PROVIDED INFORMATION Start Marker
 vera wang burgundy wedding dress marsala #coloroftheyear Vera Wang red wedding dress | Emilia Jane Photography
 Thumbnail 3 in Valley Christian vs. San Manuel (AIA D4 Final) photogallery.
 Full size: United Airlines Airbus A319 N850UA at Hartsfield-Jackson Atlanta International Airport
PROVIDED INFORMATION End Marker
PROVIDED INFORMATION Start Marker
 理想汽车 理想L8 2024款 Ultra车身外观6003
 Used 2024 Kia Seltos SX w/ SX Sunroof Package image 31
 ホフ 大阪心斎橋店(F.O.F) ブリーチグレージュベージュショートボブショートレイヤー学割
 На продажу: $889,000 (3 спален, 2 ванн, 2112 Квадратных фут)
PROVIDED INFORMATION End Marker
Exact duplication is required for the lines above, from the line that contains "vera wang burgundy" to the line that contains "Full size: United", inclusive; omit all others.

▸ EXPECTED ANSWER
 vera wang burgundy wedding dress marsala #coloroftheyear Vera Wang red wedding dress | Emilia Jane Photography
 Thumbnail 3 in Valley Christian vs. San Manuel (AIA D4 Final) photogallery.
 Full size: United Airlines Airbus A319 N850UA at Hartsfield-Jackson Atlanta International Airport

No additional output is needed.